Ethics through character
Virtue ethics is the approach to morality that asks not "what rules should I follow?" but "what kind of person should I be?" — and the platform reads Aristotle's Nicomachean Ethics as its founding and fullest statement. The good life, for Aristotle, consists in the exercise of virtue: a person flourishes by developing and acting on excellences of character — courage, justice, generosity, temperance, and the rest — that make them a good human being. Ethics is therefore the cultivation of the right kind of person, not the discovery of the right kind of rule.
Virtue as habit
The platform reads Aristotle's central claim about virtue as the answer to Plato. Where the Socratic-Platonic tradition held that virtue is knowledge — that to know the good is to do it — Aristotle insists that virtue is a settled disposition formed by habit. We become just by doing just acts, brave by doing brave acts, until the disposition is fixed in our character and we come to want and enjoy acting well. The platform reads this as a profound correction: knowing the good is not enough (we constantly know the good and fail to do it); virtue requires the training of desire and feeling through practice, so that the good is not merely understood but loved. Virtue is a second nature, built by repetition.

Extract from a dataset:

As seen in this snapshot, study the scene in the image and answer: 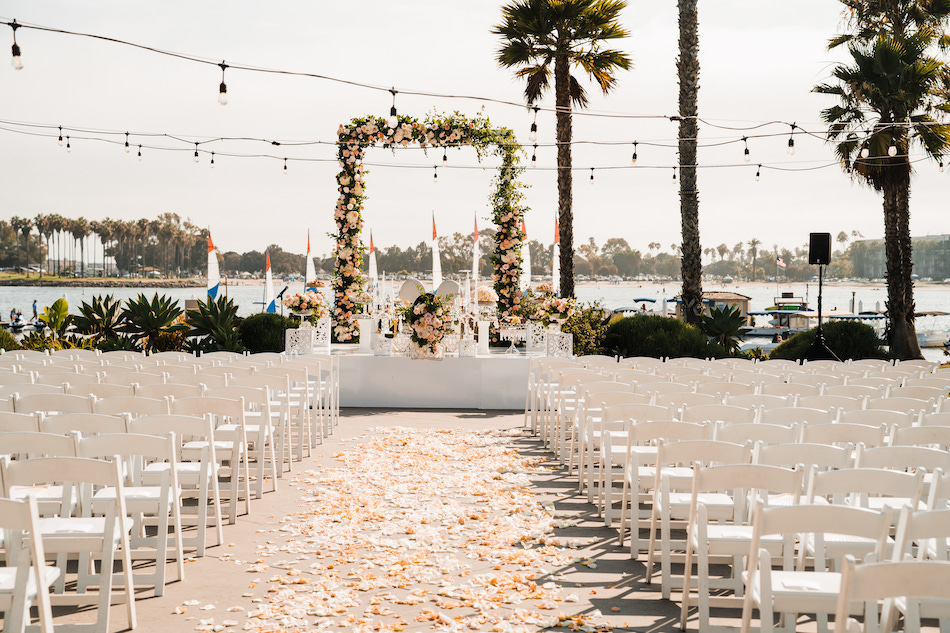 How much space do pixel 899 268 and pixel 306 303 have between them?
43.3ft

The mean and the role of judgement
The platform reads Aristotle's "doctrine of the mean" as the practical heart of his ethics: each virtue is a mean between two vices, of excess and deficiency — courage between rashness and cowardice, generosity between prodigality and meanness. But the mean is not a mathematical midpoint; it is "relative to us," and finding it in each situation requires practical wisdom, the trained judgement that perceives what the particular case demands. The platform reads this as why Aristotelian ethics is not a rule-book: the virtuous person must see what is fitting, a perception no formula can supply.
Why it matters for Virtue & Power
Virtue ethics is the foundation of Aristotle's moral and political philosophy and one of the platform's central ethical frameworks — the great alternative to both the rule-based moralities and the Platonic intellectualism. Its modern revival, as a serious rival to consequentialist and deontological ethics, is one of the most significant developments in recent philosophy, read in virtue ethics today. It is the ethical ground of the whole platform's concern with the formation of character and power.